(Data extracts)

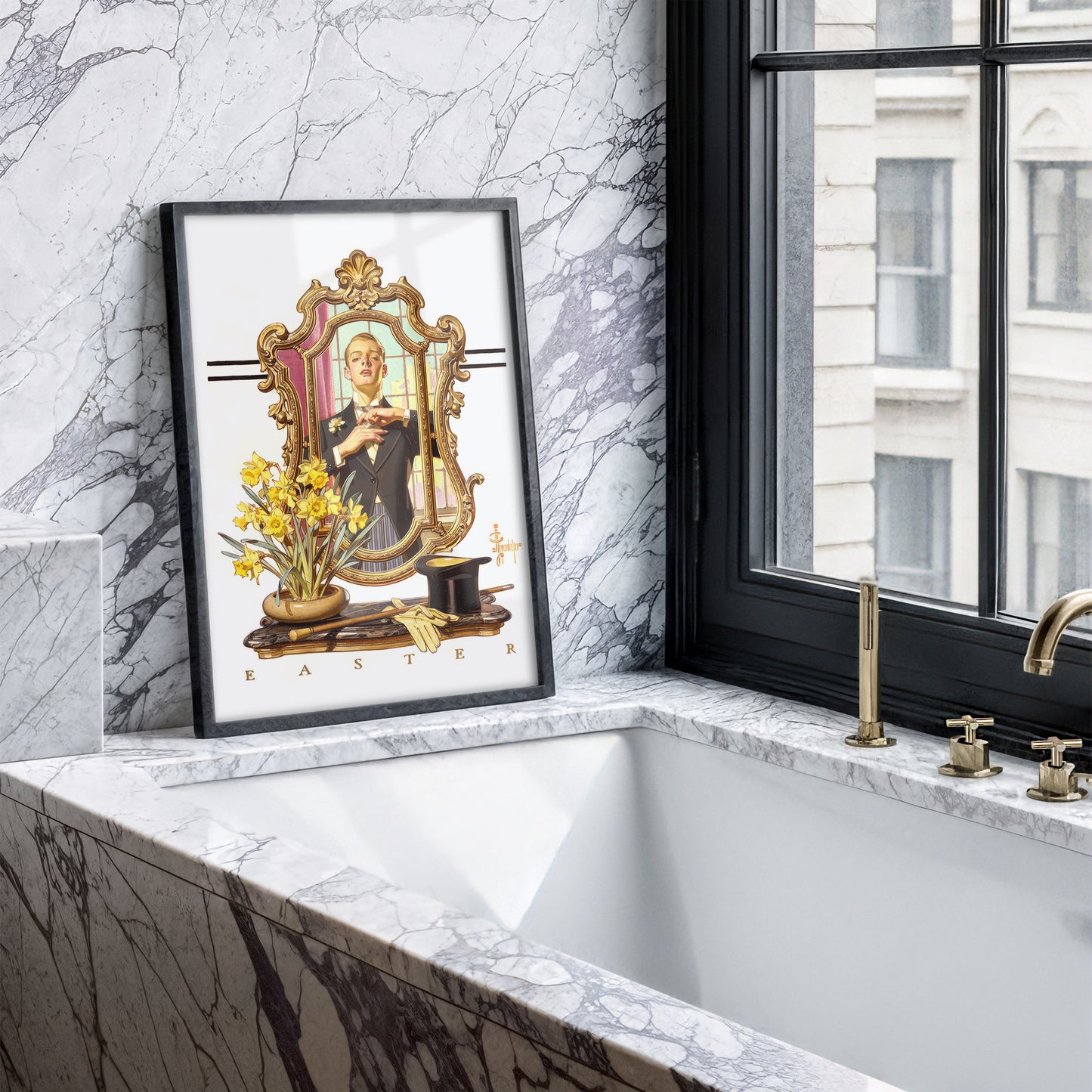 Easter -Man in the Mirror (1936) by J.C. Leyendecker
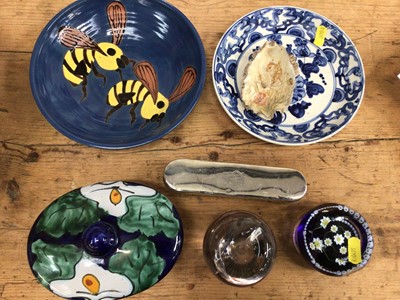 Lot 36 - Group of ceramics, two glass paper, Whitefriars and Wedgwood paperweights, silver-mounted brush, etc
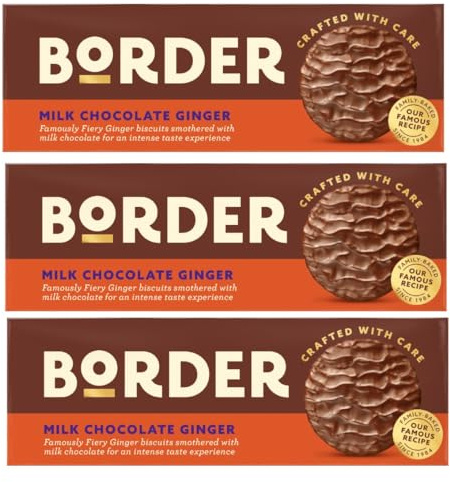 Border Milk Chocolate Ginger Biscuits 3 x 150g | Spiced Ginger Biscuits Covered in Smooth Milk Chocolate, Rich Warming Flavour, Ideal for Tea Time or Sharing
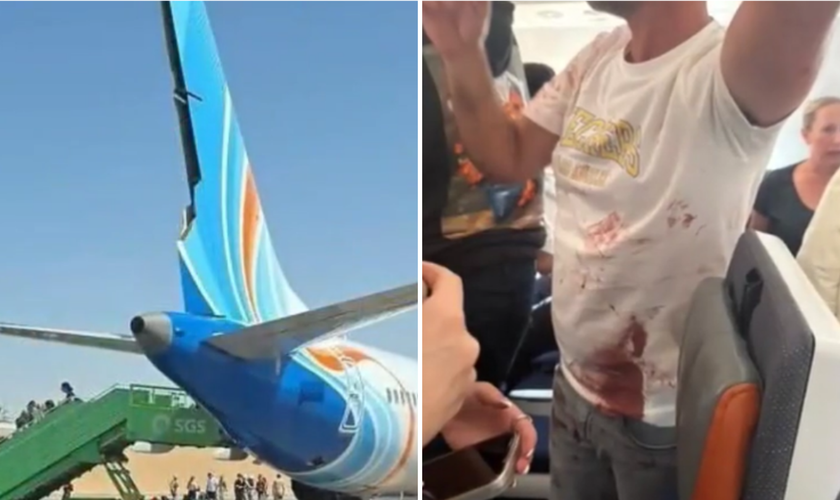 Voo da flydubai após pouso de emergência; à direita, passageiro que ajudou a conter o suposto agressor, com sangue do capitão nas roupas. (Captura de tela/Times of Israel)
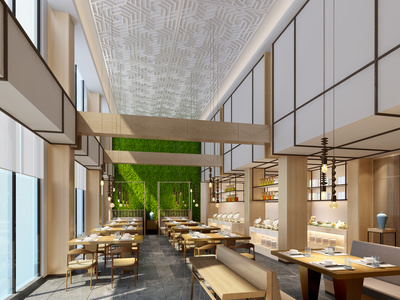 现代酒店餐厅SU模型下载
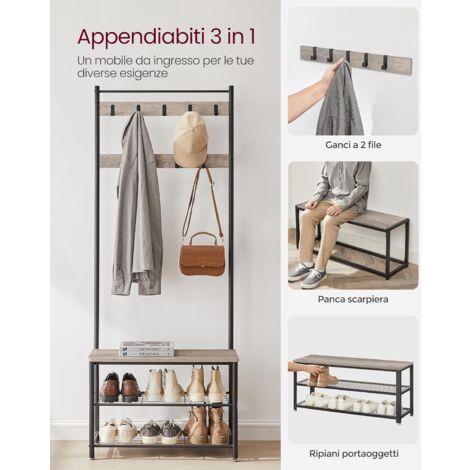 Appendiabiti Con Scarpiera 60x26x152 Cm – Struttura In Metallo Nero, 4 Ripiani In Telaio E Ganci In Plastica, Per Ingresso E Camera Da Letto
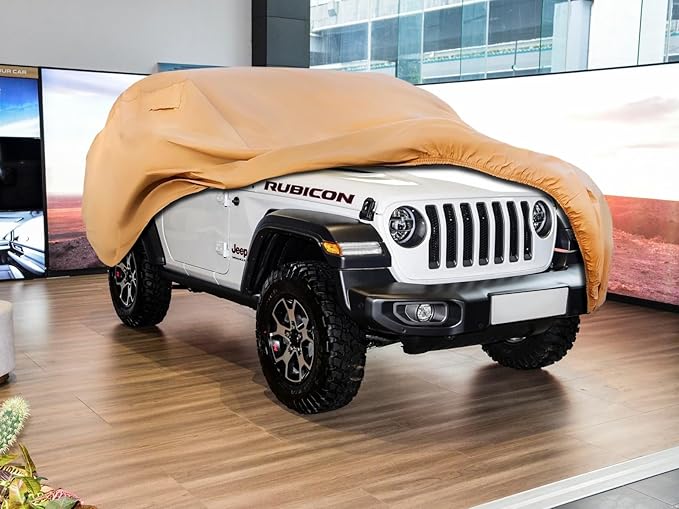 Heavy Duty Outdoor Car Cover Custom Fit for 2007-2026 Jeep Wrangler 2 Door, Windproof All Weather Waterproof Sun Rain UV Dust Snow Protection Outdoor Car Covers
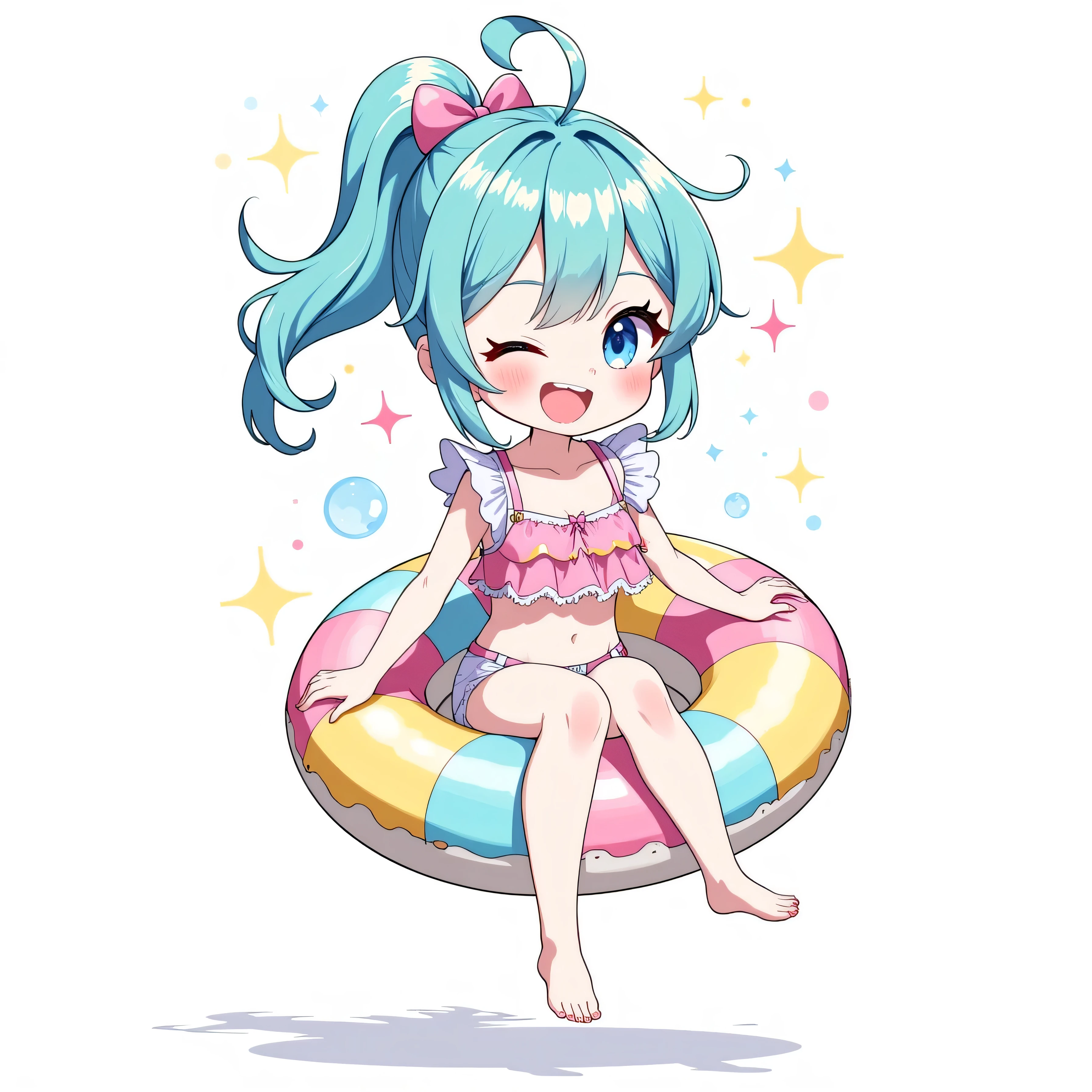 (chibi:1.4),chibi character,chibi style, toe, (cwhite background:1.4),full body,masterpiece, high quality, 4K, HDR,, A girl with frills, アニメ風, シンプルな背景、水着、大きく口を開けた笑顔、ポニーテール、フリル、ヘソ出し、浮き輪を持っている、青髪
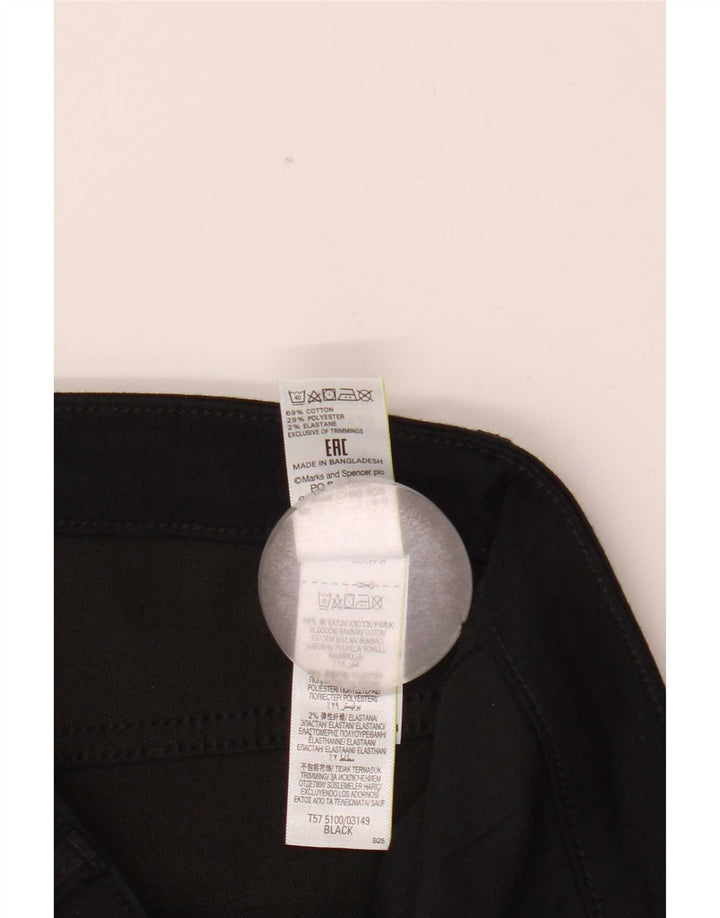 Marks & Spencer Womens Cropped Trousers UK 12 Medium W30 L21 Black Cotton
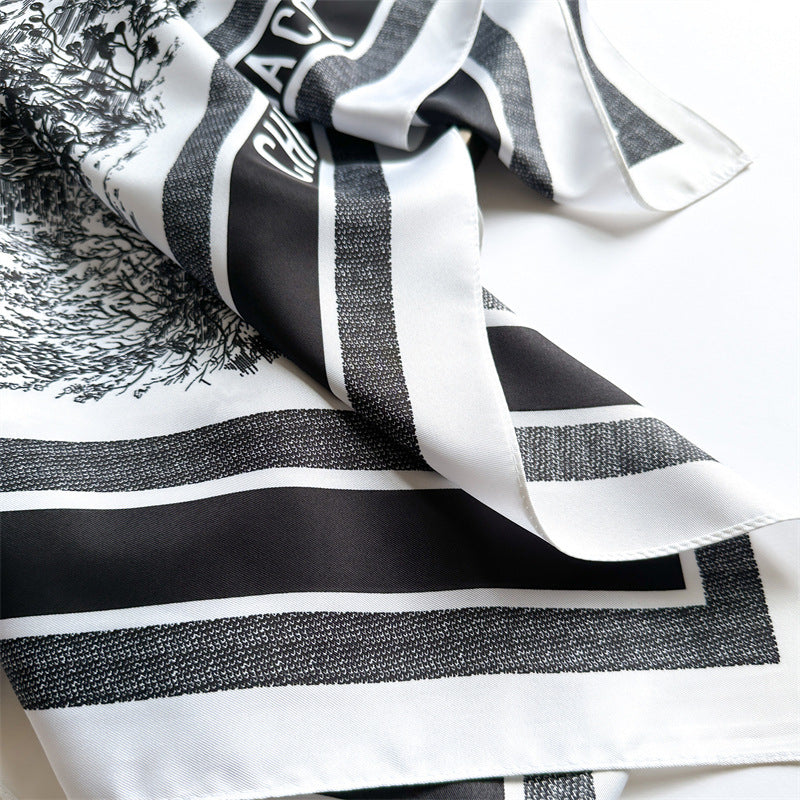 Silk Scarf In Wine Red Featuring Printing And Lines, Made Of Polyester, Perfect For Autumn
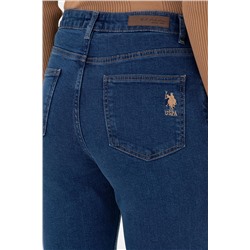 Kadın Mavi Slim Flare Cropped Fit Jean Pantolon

(End Data extracts)

Only the lines from the one containing "Heavy Duty Outdoor" through the final line of the entries belong in the copy, both ends included. Pictures stay out.

Exercise solution =
 Heavy Duty Outdoor Car Cover Custom Fit for 2007-2026 Jeep Wrangler 2 Door, Windproof All Weather Waterproof Sun Rain UV Dust Snow Protection Outdoor Car Covers
 (chibi:1.4),chibi character,chibi style, toe, (cwhite background:1.4),full body,masterpiece, high quality, 4K, HDR,, A girl with frills, アニメ風, シンプルな背景、水着、大きく口を開けた笑顔、ポニーテール、フリル、ヘソ出し、浮き輪を持っている、青髪
 Marks & Spencer Womens Cropped Trousers UK 12 Medium W30 L21 Black Cotton
 Silk Scarf In Wine Red Featuring Printing And Lines, Made Of Polyester, Perfect For Autumn
 Kadın Mavi Slim Flare Cropped Fit Jean Pantolon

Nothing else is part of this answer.